Tuesday, April 20, 2004

i really will sing in your band.

houston.

they broke up. agh. another one! in true indie rock style, houston split up. fuck.

this makes me think. normally, i listen to music while i blog. ...and while i do anything in my room. or anywhere. but this is important. i'm turning it off.

it starts with shiner. see the life and times in my links. allen i love you. anyway. shiner's last show in KC was indescribable. they were and are my all-time favorite band and it's an understatement (this whole post is an understatement) to say i have nothing but good memories of shiner and the rock they've given me. at their last show, i had only this crappy kodak disposable camera and most of the pictures i took were utter shit, the flash highlighted the smokey air and not the band. the viewfinder was off. many of the pictures were me putting my hand up in the air and clicking the button. but i didn't care, because it was more important it to me to be surrounded by shiner fans rocking out and loving every second of the most incredible show of our lives and remembering that feeling than it was to be lugging around my nice camera and having to focus and worry about where my lens cap was. and the picture that mattered most- the one of me and allen- turned out beautifully. so who gives a shit?

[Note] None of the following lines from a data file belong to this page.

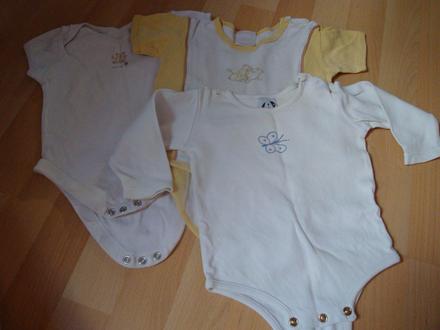 Bodýčka - 3 ks, vel. 62/68, adams,68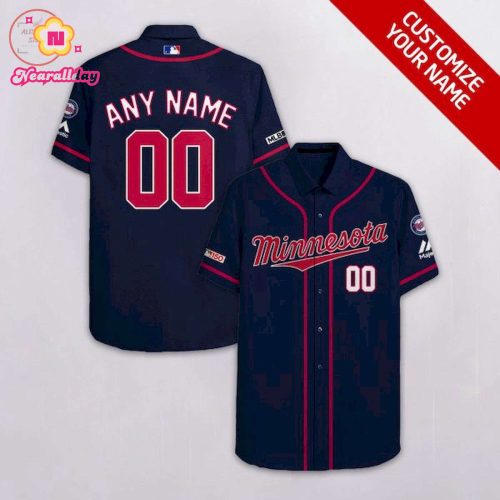 Custom Minnesota Twins Hawaiian Shirt: Personalized Fan Gear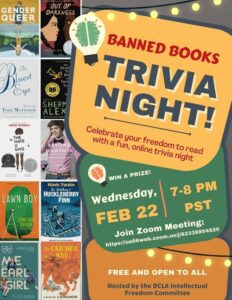 BCLA Banned Book Trivia Night Poster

my ears screamed for the next two days. the feeling i had during that show was beyond euphoric. it was so loud that the pumping from the amps beat my heart for me.

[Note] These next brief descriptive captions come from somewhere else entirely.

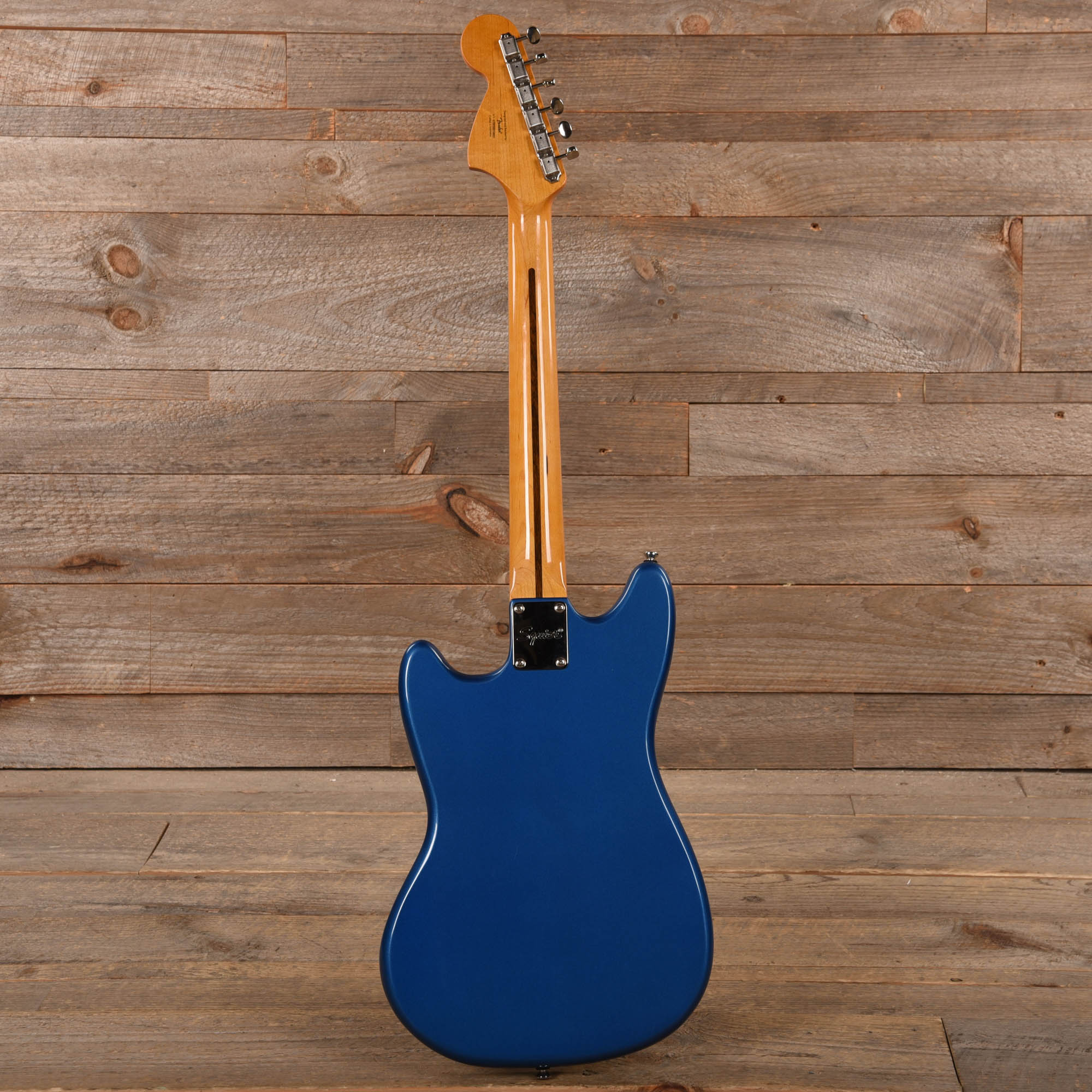 Squier Classic Vibe '60s Competition Mustang Lake Placid Blue w/Olympic White Stripes Electric Guitars / Solid Body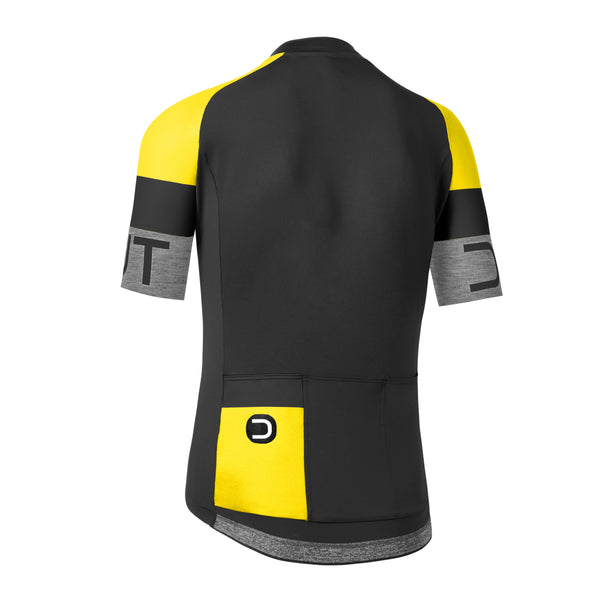 Pure Jersey - Black-Fluo Yellow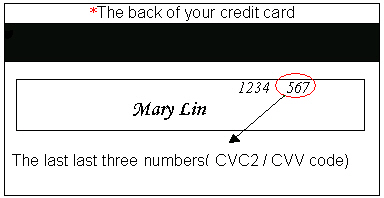 信用卡付款表单更新通知!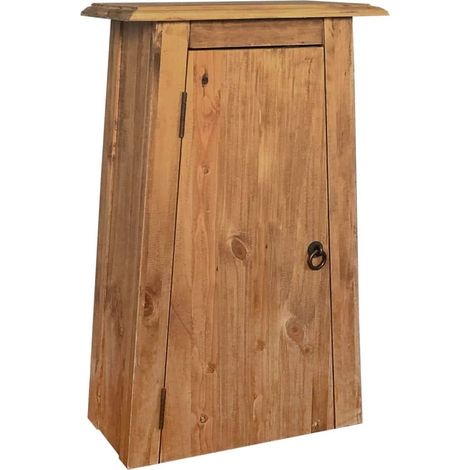 Credenza da bagno mobiletto consolle mobiletto laterale pino massello riciclato 70 cm marrone 4402225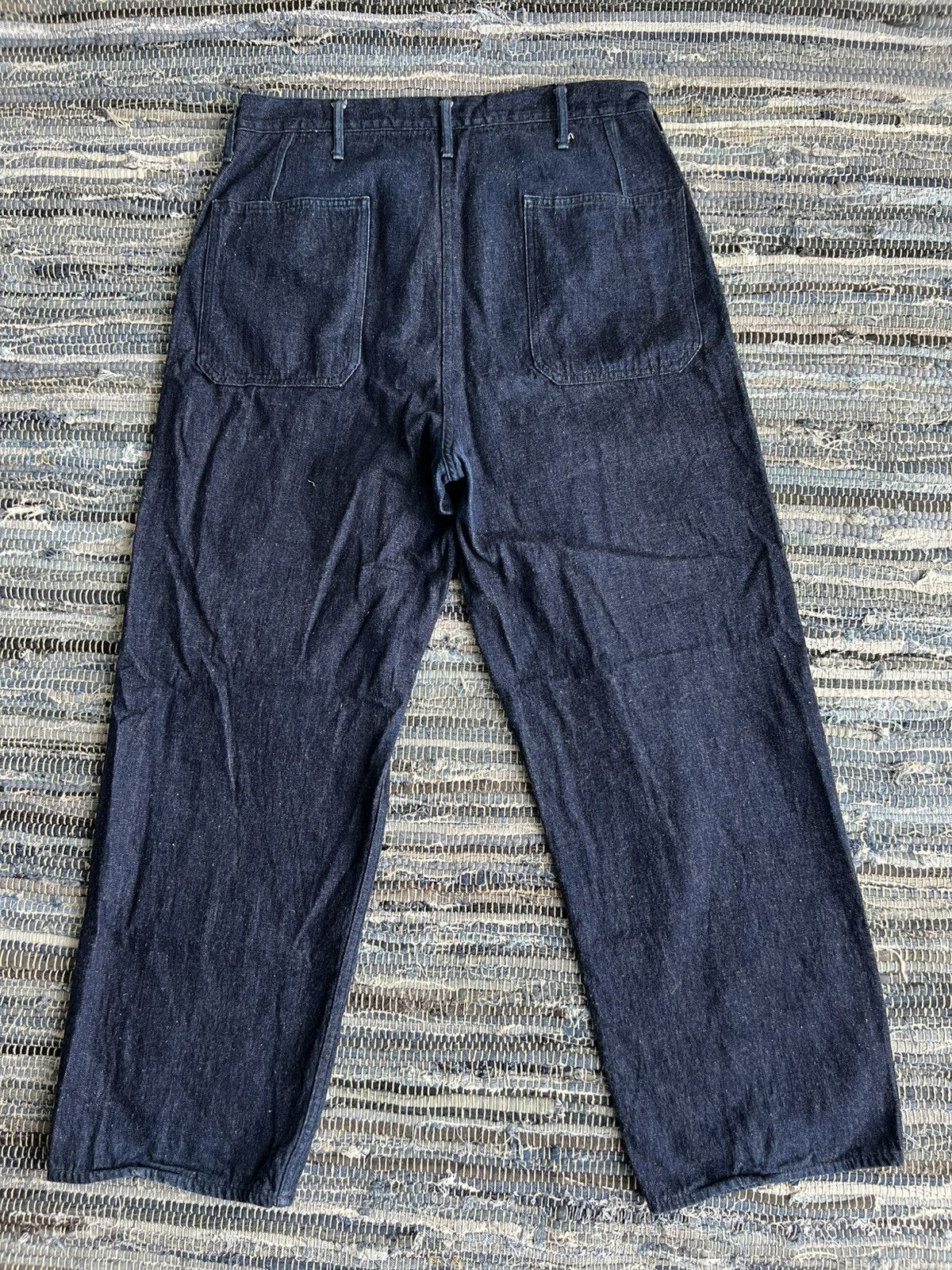 Momotaro Jeans Vintage USN Fatigue Indigo Selvaged Denim Baker Pants Jeans Size US 33 - 2 Thumbnail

houston played for shiner at that show.

i had seen houston a handful of times before but never paid any attention to them because i only cared about shiner. that and i was watching out for allen around the bar hoping he'd walk past me. so the first time i saw houston, and was there strictly for houston, i loved it. and them. they were the second rock show i ever saw in chicago and they kicked the hardest ass. everyone agreed it was a great show. i was drunk as hell. $2 pbr at the double door. yow. but it was so much fun! i think i played air drums. wait. yeah, i did. i sang really loud, that i do know. everyone fucking did. goddamn that show was great.

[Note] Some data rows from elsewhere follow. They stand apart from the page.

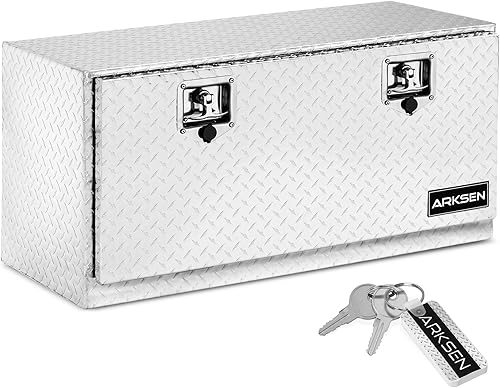 Miniatura 9 de ARKSEN - Caja de herramientas de aluminio con placa de diamante de 18 pulgadas, para camioneta, cuatrimoto, remolque, con cerradura y llave, color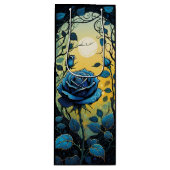 ブルーバラつる植物2 ワインギフトバッグ (正面)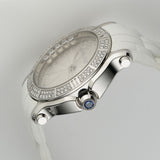 36mm Steel Diamond Bezel Floating Diamonds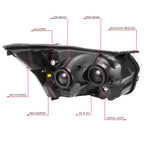 Left Headlight Lamp for Ford Transit 150 250 350 (2015–2023) OE Style Black Housing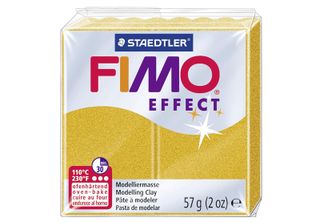 Fimo 8020-11 Modelliermasse Fimo Effect "Metallic"" Gold"
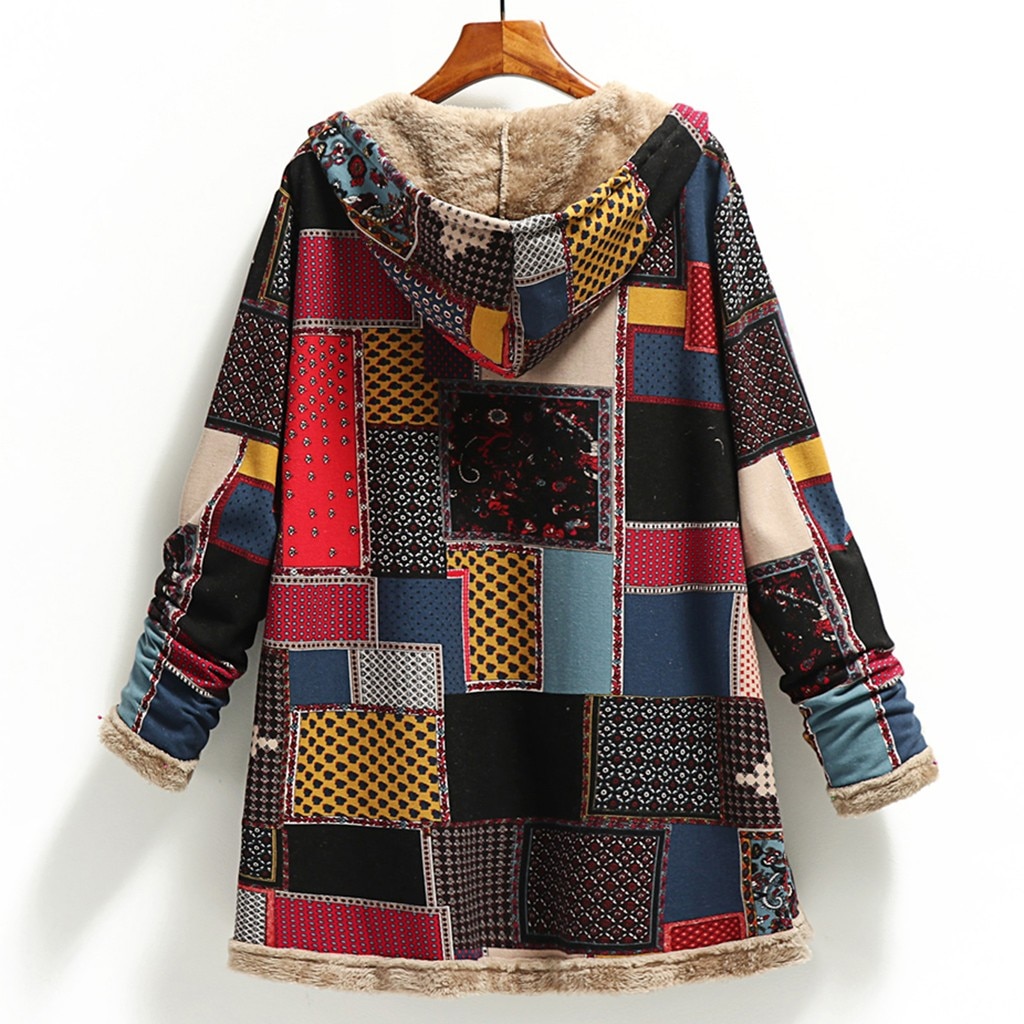 Women's Patchwork Style Winter Coat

anyway, then there was a lull of rock shows. the holidays were upon us. a lot of bands went off to record and write new stuff or work with other projects. understandable. i forgave them. all of them. then, perhaps some of you remember, the whole "but i love rock shows... right?" blog. i didn't go to the first houston show in a long time. and, of course, it was supposed to have been one of their best shows ever. oh, and- little side note here- what ended up being one of their lasts shows ever. that's cool.

so now i have to look forward to their last show in minneapolis. which i'm exctied about. seeing shiner play in their homeland of KC is partly why it was so great. and also partly the reason i want to move there. (what can i say?) so june 26th here i come. work or no, my priority is being where i need to be when i need to be there. i need houston and i need this last drop of rock. because who else is there? houston was the next shiner. the life and times has pretty much disappeared, what with their new bass player commuting to and from st. louis. did they ever even get a new drummer? and fire of 1666 what? where the hell were they ever?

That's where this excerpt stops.